▶ **Task to complete**: Given the entries that follow, write out exactly the lines starting at the one containing "多莉镜头: 老式老式模拟8毫米经典电影相机" and ending at the one containing "Picture of OtterBox", both ends included, and only those.

Dataset extract below:

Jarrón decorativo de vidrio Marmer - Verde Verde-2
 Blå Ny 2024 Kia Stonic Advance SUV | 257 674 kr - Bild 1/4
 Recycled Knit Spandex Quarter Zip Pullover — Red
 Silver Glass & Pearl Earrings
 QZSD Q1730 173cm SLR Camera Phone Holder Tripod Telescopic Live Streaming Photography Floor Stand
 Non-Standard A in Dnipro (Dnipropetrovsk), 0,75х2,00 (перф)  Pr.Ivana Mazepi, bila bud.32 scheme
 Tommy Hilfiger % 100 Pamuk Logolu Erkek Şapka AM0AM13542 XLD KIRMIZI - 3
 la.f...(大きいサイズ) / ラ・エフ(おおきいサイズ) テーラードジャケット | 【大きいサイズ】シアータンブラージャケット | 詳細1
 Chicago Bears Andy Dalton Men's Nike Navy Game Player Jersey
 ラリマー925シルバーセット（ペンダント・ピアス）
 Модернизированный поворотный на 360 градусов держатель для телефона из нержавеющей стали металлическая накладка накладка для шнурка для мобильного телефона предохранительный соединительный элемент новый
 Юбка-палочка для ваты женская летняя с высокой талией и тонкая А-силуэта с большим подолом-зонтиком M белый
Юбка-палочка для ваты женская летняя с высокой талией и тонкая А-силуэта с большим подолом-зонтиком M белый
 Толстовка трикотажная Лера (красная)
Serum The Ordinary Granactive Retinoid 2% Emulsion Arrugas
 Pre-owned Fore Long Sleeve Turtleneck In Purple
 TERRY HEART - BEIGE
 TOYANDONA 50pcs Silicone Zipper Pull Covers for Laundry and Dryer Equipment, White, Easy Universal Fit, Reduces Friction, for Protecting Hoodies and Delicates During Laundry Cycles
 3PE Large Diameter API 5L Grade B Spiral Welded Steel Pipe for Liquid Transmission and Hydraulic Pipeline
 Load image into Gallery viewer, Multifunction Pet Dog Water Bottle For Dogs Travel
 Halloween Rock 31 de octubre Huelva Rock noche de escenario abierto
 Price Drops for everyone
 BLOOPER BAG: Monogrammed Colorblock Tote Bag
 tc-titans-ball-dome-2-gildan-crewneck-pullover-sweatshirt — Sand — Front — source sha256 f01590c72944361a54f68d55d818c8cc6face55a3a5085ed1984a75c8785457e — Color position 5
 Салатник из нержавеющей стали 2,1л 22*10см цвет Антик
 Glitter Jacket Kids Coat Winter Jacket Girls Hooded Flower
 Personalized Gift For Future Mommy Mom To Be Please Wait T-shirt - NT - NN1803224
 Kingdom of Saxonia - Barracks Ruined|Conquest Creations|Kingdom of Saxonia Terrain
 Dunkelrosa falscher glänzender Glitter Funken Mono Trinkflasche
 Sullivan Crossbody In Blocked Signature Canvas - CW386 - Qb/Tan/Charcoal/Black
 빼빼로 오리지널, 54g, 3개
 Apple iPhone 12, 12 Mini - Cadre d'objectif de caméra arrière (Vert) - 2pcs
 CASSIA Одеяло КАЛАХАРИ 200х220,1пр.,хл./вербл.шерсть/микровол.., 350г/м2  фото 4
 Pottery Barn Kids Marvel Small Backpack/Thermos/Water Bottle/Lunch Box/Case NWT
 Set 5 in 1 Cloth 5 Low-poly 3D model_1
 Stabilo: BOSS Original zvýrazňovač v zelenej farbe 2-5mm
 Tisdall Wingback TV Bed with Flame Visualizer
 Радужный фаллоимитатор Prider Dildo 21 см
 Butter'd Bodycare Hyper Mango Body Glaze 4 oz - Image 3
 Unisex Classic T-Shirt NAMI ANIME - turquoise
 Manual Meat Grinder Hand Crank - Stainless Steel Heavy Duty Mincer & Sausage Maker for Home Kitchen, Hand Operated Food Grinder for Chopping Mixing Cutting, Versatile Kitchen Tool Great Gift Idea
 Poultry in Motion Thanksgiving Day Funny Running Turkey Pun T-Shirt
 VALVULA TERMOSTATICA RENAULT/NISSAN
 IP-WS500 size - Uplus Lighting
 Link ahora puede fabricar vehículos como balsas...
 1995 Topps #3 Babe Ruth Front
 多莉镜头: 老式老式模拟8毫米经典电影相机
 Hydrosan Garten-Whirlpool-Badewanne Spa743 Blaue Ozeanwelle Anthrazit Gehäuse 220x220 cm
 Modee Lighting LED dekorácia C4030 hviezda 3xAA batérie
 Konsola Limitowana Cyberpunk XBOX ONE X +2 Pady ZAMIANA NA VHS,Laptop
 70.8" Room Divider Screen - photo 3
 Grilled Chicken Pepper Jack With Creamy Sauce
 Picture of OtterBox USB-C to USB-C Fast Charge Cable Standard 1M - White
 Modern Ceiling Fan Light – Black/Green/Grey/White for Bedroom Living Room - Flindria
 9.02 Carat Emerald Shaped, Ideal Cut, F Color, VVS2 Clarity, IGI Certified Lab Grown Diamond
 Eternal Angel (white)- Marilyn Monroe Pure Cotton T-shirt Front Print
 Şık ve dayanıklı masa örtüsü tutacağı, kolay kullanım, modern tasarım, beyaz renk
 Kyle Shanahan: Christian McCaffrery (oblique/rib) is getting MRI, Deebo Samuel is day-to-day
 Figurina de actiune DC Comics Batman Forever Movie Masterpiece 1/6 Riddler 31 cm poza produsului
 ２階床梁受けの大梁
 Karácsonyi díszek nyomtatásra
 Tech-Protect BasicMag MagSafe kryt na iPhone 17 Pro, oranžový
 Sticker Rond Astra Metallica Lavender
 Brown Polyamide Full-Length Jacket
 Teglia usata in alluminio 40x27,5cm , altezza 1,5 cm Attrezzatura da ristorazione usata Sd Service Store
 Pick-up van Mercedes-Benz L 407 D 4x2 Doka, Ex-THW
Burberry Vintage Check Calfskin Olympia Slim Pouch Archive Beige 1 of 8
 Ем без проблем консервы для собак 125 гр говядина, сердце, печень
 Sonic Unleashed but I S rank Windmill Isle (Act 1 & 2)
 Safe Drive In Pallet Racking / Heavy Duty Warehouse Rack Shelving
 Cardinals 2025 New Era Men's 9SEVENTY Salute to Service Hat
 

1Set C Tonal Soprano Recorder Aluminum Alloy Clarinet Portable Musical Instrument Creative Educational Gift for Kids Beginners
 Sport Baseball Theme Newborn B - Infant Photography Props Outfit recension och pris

End of Dataset extract.

▶ **Task result**:
 多莉镜头: 老式老式模拟8毫米经典电影相机
 Hydrosan Garten-Whirlpool-Badewanne Spa743 Blaue Ozeanwelle Anthrazit Gehäuse 220x220 cm
 Modee Lighting LED dekorácia C4030 hviezda 3xAA batérie
 Konsola Limitowana Cyberpunk XBOX ONE X +2 Pady ZAMIANA NA VHS,Laptop
 70.8" Room Divider Screen - photo 3
 Grilled Chicken Pepper Jack With Creamy Sauce
 Picture of OtterBox USB-C to USB-C Fast Charge Cable Standard 1M - White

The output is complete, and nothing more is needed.